## How much CPU would take 10 Envelopes per voice? It seems a lot...

matt42
KVRian

996 posts since 9 Jan, 2006
S0lo wrote:problem is max and min implementation it self uses conditionals.
oh well, I just need non-conditional min/max functions.

S0lo wrote:Any way, you can do this:

x = min(x, 1);
Indeed, that was daft of me
S0lo
KVRian

551 posts since 31 Dec, 2008
Miles1981 wrote:
S0lo wrote:Both codes do the same thing. "sorting". But Code1 (insertion sort) uses two conditionals (an if and a while). While code2 (quicksort) has four conditionals (2 ifs and 2 whiles). Yet code2 is well known to perform much faster (nlog(n)) than code1 (quadratic) on the average.

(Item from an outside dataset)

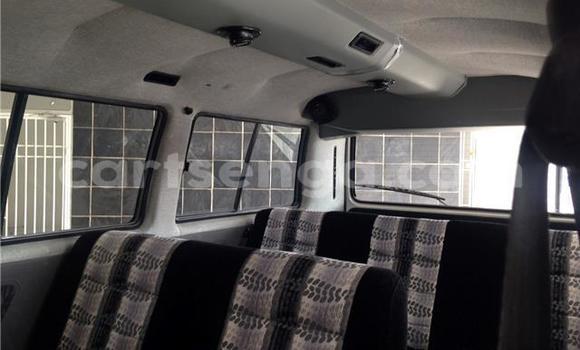 Buy Used Volkswagen Multivan White Car in Hlatikulu in Shiselweni District Buy Used Volkswagen Multivan White Car in Hlatikulu in Shiselweni District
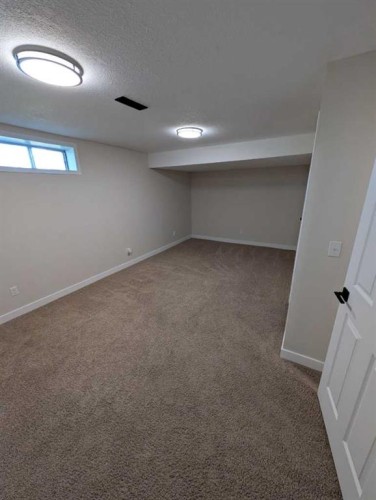 242 Taracove Place Ne, Calgary, AB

check here: https://en.wikipedia.org/wiki/Quicksort
and here: https://en.wikipedia.org/wiki/Insertion_sort

You are comparing apples and oranges.

apples can be compared to oranges if there is a comparative goal, like "Health".

Miles1981 wrote:Of course if the complexity is different, this changes everything! We are talking about the same complexity in number of instructions.

And I'm actually not talking about that.
matt42
KVRian

996 posts since 9 Jan, 2006
Miles1981 wrote:
S0lo wrote:Both codes do the same thing. "sorting". But Code1 (insertion sort) uses two conditionals (an if and a while). While code2 (quicksort) has four conditionals (2 ifs and 2 whiles). Yet code2 is well known to perform much faster (nlog(n)) than code1 (quadratic) on the average.

check here: https://en.wikipedia.org/wiki/Quicksort
and here: https://en.wikipedia.org/wiki/Insertion_sort

You are comparing apples and oranges. Of course if the complexity is different, this changes everything! We are talking about the same complexity in number of instructions.
I think the point here is that the goal is to find the most efficient algorithm and by extension reduce the complexity. Once we find that then we needn't concern ourselves with details such as conditionals == bad, or whatever.

In the general case, I agree, conditionals will tend to be expensive and most likely should be avoided.
camsr
KVRAF

6805 posts since 16 Feb, 2005
Also important to note that, comparisons are cheap, branches are expensive.. if you can do some logic around comparison results without branching it could be the best option.
S0lo
KVRian

551 posts since 31 Dec, 2008
camsr wrote:Also important to note that, comparisons are cheap, branches are expensive.. if you can do some logic around comparison results without branching it could be the best option.

Yup, Thats why the most probable case should be put in the TRUE part. Because the FALSE is what causes the branch.
KVRian

943 posts since 1 Dec, 2004
Nowhk wrote:
MadBrain wrote:- Process voice by voice instead of sample by sample! CPUs like this (even though you have to do an extra memset at the start).

camsr wrote:Yes. There's no faster memory than the cacheline, so your efforts should revolve around using it as much as possible.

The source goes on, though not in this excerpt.